YOUR GOAL: Output exactly, in the material below, the lines from the one with "Kit déco MBK Stunt n°51 - Scoot 50 Racing" through the one with "CalRecycle's logo". Omit all pictures.

THE DATA:
=== Begin Enclosure ===

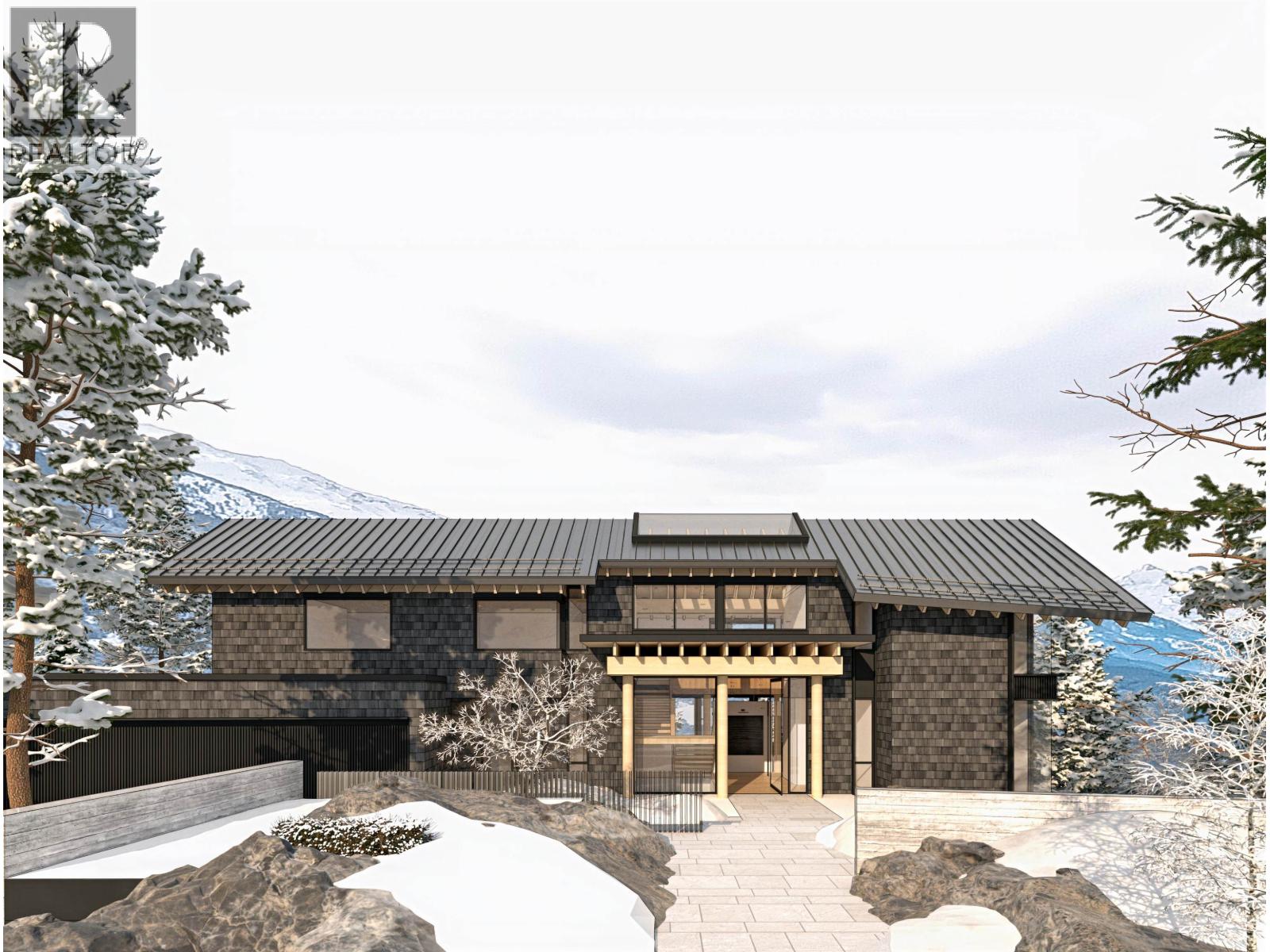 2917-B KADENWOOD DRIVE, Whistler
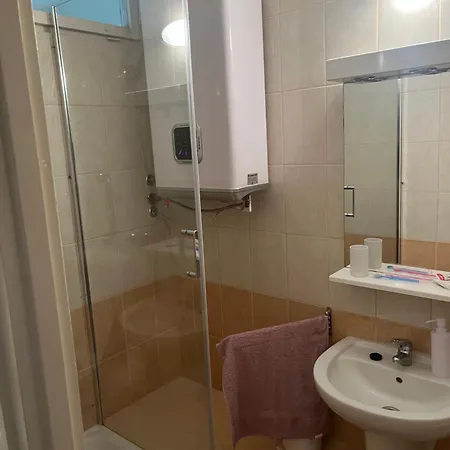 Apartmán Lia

=== End Enclosure ===
=== Begin Enclosure ===

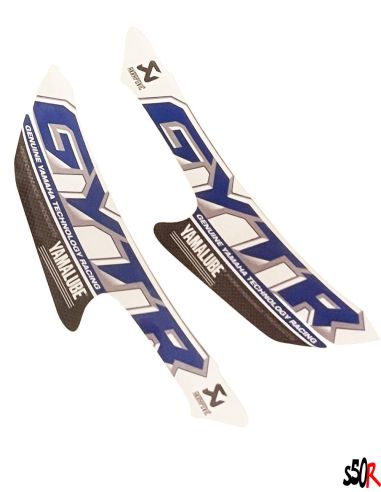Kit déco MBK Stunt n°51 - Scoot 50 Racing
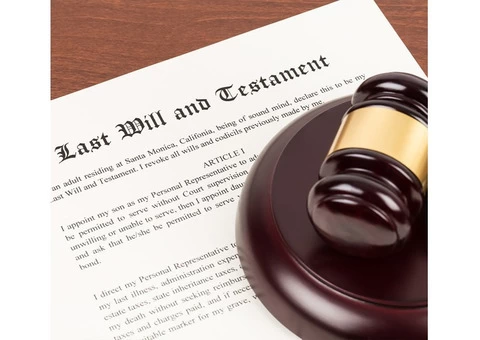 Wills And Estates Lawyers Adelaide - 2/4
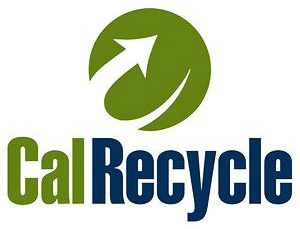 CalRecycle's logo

=== End Enclosure ===

TASK OUTPUT:
Kit déco MBK Stunt n°51 - Scoot 50 Racing
 Wills And Estates Lawyers Adelaide - 2/4
 CalRecycle's logo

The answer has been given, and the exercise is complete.